"An unlimited power to tax involves, necessarily, a power to destroy; because there is a limit beyond which no institution and no property can bear taxation." ~ John Marshall
STR's Fifth--The First of Many
Exclusive to STR
On IMDb.com, the movie "V for Vendetta" has an average viewer rating of 8.2 out of a possible 10, based on 55,397 votes. With V now available on DVD, more people will see it and a rating increase will likely follow, making it one of the most popular movies of all time among IMDb voters. The local Blockbuster where I tried to buy a copy was sold out, their stock having been cleared in the first two days. And this is with a nearby Wal-Mart selling it at a reduced price, a standard practice for new releases.

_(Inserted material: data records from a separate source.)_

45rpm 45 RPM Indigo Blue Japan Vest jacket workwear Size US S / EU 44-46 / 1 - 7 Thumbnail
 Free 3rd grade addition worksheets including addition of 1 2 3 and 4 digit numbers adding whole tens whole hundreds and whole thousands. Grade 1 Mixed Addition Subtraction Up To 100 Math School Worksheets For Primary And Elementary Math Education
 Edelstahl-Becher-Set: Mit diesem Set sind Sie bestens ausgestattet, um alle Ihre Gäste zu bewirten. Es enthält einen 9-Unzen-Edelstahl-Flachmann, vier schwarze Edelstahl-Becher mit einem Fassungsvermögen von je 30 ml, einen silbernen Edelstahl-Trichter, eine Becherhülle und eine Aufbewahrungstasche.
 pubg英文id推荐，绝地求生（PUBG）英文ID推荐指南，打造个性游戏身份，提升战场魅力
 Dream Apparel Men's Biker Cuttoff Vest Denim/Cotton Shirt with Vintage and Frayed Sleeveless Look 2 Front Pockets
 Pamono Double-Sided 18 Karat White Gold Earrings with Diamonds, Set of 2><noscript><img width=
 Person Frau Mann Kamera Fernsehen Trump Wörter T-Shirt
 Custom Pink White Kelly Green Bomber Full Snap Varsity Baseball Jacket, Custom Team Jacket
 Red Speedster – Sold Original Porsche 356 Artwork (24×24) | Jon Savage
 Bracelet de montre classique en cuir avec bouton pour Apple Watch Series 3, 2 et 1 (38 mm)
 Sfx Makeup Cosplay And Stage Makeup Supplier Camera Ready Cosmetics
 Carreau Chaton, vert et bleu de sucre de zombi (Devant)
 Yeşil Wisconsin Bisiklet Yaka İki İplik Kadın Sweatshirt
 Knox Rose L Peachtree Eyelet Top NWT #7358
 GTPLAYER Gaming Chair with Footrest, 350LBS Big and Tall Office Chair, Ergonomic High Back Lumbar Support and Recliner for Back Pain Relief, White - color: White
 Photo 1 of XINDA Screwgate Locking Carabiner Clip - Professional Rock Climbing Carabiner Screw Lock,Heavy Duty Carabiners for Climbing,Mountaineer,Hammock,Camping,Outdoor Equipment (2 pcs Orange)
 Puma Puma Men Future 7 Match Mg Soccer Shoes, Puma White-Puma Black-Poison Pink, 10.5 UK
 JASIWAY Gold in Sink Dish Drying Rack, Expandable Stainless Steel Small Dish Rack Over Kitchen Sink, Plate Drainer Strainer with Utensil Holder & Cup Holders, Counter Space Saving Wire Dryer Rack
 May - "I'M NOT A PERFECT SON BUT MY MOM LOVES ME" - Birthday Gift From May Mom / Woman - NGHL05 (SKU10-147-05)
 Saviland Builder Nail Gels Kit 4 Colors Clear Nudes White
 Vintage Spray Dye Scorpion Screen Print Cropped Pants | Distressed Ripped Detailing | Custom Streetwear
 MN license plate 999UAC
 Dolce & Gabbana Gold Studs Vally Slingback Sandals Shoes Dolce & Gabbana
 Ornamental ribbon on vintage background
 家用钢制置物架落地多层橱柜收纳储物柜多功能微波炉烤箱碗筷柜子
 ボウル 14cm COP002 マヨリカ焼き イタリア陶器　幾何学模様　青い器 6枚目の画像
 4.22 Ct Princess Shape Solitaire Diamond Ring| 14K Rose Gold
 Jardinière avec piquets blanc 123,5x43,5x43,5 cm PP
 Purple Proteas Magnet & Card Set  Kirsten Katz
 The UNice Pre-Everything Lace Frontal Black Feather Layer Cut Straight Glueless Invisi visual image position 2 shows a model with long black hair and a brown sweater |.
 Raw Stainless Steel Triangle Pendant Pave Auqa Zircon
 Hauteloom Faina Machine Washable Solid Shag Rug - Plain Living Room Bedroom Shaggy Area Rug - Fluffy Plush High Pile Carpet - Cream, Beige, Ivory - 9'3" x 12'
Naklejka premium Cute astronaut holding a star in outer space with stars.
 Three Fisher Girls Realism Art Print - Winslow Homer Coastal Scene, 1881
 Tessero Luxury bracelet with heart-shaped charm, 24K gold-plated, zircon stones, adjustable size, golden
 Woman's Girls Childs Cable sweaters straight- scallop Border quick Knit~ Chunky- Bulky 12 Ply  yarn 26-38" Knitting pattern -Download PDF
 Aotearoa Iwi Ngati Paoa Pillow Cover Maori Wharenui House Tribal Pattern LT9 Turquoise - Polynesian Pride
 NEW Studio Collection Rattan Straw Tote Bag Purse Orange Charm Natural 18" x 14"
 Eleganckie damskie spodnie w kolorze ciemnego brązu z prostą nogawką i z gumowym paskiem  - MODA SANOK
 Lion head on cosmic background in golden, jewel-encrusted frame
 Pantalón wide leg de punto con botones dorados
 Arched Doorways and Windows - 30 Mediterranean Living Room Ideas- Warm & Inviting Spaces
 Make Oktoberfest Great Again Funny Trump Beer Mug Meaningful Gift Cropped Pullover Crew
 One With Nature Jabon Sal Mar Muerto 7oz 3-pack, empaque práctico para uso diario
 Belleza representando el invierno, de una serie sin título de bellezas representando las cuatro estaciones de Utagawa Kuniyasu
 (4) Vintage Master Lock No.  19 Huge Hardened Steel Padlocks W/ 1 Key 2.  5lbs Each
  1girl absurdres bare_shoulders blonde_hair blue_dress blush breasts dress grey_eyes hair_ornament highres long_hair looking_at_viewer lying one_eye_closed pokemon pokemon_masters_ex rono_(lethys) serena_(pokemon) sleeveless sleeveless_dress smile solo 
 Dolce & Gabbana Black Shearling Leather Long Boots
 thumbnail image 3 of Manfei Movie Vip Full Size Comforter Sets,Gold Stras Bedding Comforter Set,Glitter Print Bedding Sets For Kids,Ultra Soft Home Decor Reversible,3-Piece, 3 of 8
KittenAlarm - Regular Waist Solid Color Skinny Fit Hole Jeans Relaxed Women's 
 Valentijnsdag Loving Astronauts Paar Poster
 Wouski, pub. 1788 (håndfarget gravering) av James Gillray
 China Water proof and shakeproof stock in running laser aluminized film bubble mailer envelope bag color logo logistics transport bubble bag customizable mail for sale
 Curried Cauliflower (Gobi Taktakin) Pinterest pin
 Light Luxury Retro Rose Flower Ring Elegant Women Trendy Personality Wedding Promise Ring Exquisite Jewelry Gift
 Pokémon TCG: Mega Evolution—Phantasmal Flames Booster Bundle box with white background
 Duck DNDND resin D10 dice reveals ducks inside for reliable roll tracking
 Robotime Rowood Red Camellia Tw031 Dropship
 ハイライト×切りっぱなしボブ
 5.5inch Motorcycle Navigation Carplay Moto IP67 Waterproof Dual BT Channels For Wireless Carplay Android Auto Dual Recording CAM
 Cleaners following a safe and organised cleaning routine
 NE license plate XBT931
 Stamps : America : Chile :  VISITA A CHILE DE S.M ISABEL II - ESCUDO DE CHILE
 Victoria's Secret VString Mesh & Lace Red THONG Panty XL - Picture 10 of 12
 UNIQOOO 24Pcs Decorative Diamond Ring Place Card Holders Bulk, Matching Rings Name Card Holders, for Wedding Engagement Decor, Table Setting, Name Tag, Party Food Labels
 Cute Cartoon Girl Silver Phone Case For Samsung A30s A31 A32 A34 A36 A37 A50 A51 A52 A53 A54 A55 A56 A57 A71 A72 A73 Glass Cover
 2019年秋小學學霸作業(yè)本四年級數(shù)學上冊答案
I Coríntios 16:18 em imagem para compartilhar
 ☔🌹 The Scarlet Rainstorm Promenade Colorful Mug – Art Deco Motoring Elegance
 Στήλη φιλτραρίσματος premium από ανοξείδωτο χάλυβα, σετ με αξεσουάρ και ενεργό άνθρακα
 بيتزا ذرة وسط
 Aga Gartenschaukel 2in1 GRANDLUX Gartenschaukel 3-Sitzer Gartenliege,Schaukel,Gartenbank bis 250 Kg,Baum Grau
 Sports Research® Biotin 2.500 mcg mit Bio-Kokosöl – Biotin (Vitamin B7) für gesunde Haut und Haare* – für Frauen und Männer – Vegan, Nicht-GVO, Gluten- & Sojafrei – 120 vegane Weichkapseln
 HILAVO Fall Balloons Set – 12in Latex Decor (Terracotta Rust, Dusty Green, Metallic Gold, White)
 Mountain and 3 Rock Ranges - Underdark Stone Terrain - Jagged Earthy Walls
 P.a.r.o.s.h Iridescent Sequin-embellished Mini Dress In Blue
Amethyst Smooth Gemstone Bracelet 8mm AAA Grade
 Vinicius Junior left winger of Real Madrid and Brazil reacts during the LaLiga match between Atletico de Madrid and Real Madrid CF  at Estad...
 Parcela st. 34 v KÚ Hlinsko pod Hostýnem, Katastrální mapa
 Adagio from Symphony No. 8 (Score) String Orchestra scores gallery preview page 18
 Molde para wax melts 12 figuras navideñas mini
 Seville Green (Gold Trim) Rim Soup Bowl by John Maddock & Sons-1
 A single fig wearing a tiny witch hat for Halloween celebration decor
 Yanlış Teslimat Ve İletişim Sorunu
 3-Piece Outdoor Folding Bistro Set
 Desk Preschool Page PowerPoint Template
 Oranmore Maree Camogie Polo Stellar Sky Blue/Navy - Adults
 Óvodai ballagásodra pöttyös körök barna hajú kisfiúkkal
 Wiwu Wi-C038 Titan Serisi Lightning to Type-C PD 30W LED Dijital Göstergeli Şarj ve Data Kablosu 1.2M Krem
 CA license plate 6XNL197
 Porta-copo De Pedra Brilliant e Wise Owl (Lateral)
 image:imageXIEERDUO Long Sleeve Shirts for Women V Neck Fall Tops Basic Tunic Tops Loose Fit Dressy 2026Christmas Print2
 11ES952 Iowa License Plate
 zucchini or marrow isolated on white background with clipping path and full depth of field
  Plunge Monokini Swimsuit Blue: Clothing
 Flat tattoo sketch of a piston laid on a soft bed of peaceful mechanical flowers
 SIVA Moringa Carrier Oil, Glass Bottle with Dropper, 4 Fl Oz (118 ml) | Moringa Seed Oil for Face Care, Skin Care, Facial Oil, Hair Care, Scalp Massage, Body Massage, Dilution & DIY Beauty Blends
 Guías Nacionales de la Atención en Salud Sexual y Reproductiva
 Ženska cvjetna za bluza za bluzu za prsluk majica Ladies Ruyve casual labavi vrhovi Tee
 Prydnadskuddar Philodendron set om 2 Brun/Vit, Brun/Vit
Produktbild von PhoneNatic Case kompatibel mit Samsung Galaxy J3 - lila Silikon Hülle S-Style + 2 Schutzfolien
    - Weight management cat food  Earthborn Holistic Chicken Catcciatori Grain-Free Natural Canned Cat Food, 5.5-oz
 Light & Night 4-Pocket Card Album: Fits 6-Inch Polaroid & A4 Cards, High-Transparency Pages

V is based on the premise that the state is a threat to our well-being, that we need to accept that fact and summon the courage to fight it relentlessly. We won't see many movies like V for the obvious reason that most people don't question the state's tacit claim to legitimacy. On the contrary, many people apparently accept a government of unlimited dimensions as long as it claims to be a 'democracy' and perpetually distracts them with bread and circuses.
It's easy to see why the editor of STR might identify with the lead character of the film because neither give an inch on the matter of the State. Can you see V accepting a minimal state as an alternative to the Orwellian monster in the movie? I can't. And if you're a regular visitor to Strike The Root or one of its Root Strikers, you know that its editor doesn't either.
It could be argued that V the hero implicitly accepted some amount of legal coercion because of his line, 'People should not fear their government. Governments should fear their people.' But in the full context of the film, it doesn't stand. V set plans for blowing up government buildings and articulated a thoughtful rationale for doing so. At no point was he wistful for a kinder, gentler government of reduced size that would relieve him of radicalism.
Neither does STR's editor pine for the good old days when government was still under wraps of a constitution, as some libertarian sites do.
Five years ago I was heartened by the story behind the writing of the Star Spangled Banner in 1814 and decided to compose an article about it. Indeed, it was inspiring to know that after 25 hours of bombarding Fort McHenry in Baltimore, the British Navy hadn't 'silenced' it as planned ' i.e., the fort hadn't surrendered ' nor had they completely destroyed its flag. Further, Major George Armistead, the commander of McHenry, had the brilliant audacity to lower the tattered flag during a break in the assault and send up a new one in its place, one so big the British had no trouble seeing it from a distance. How perfect, I thought ' firing back with defiance rather than cannon shot.
As an isolated incident of brave soldiers refusing to surrender under heavy fire, then sending what was effectively an obscene gesture in return, the defense of McHenry is inspirational. It was the rest of my article that went awry, arguing that the Star Spangled Banner was more suitable as a national anthem than "God Bless America." At the time, I held fast to the conviction we needed government for defense purposes, and the Star Spangled Banner captured that idea. I was surprised STR's editor would kill a column that was so mildly statist.
But it was out of such mild statism that the monster of today grew and continues to grow, waving its flag in the name of freedom with every bomb it drops, every tax it collects, and the unfathomable debt it piles on the backs of our children and grandchildren.
Strike The Root's editor has insisted that STR expose the state for what it is, a criminal organization posing as our savior. We don't need to trim it, we need to eliminate it. I think if V were real, he'd be a regular reader of and contributor to STR. And given the popularity of the movie, we have reason to hope STR will gather even more supporters in the months and years ahead.